=== Begin Enclosure ===

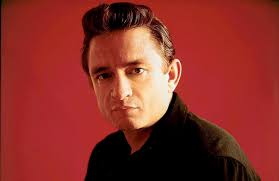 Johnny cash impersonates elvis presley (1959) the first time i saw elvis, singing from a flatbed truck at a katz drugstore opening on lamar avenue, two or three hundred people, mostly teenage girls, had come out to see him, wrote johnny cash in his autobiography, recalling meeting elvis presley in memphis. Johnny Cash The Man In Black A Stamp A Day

=== End Enclosure ===
=== Begin Enclosure ===

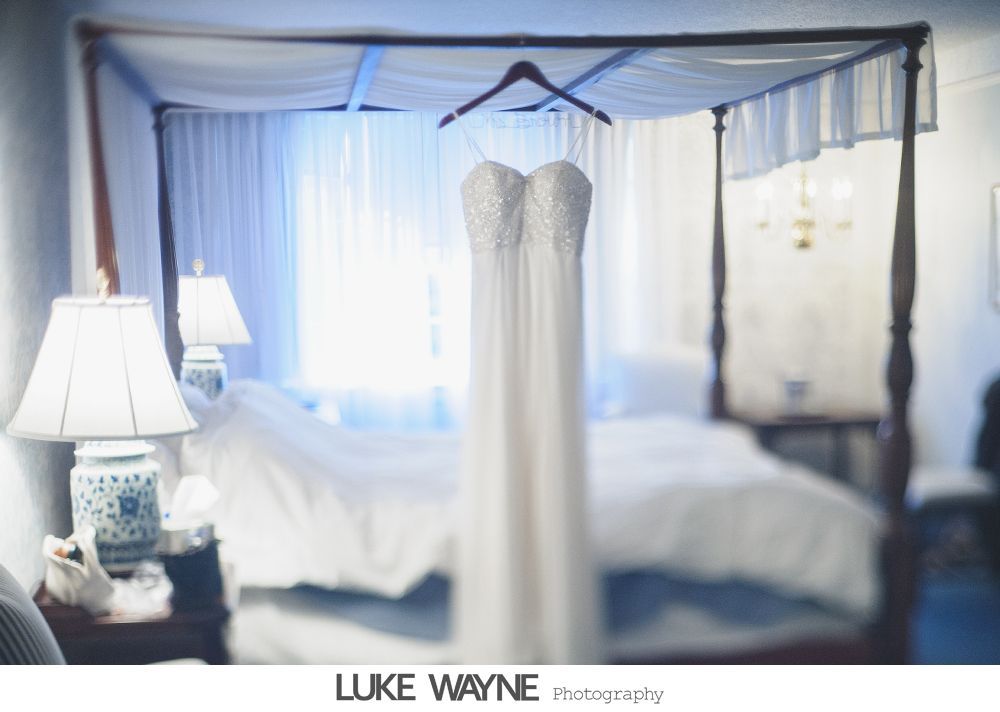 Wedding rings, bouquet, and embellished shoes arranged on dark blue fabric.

=== End Enclosure ===
=== Begin Enclosure ===

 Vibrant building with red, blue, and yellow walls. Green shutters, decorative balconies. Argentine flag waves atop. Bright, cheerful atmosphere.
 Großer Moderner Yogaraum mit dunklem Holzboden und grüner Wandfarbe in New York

=== End Enclosure ===

Each line above from the one with "Vibrant building with" up to and including the one with "Großer Moderner Yogaraum" must be set down exactly, and no line outside that span may appear.

Solved exercise:
 Vibrant building with red, blue, and yellow walls. Green shutters, decorative balconies. Argentine flag waves atop. Bright, cheerful atmosphere.
 Großer Moderner Yogaraum mit dunklem Holzboden und grüner Wandfarbe in New York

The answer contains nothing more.